▶ [DIRECTIONS]: Word for word, output the data, with none of its pictures.

▶ [SUPPLIED INFORMATION]:
· · · · ·

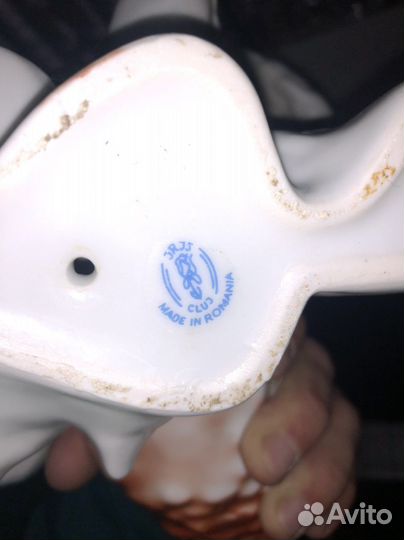 Фарфоровая Статуэтка Большой Попугай «Румыния»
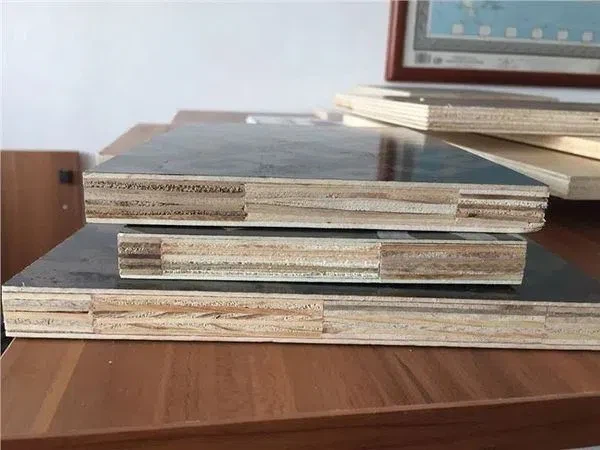 Fusta contraxapada d'encofrat de pel·lícula negra de 18 mm per a la construcció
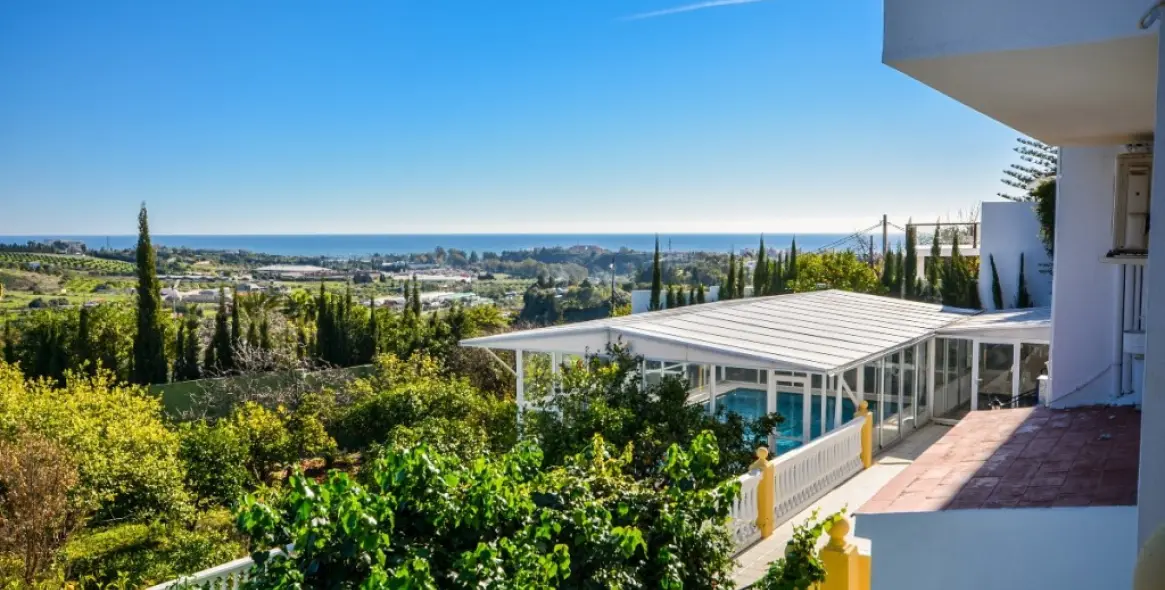 Sale of detached villa in Estepona 4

· · · · ·

▶ [TASK OUTPUT]:
 Фарфоровая Статуэтка Большой Попугай «Румыния»
 Fusta contraxapada d'encofrat de pel·lícula negra de 18 mm per a la construcció
 Sale of detached villa in Estepona 4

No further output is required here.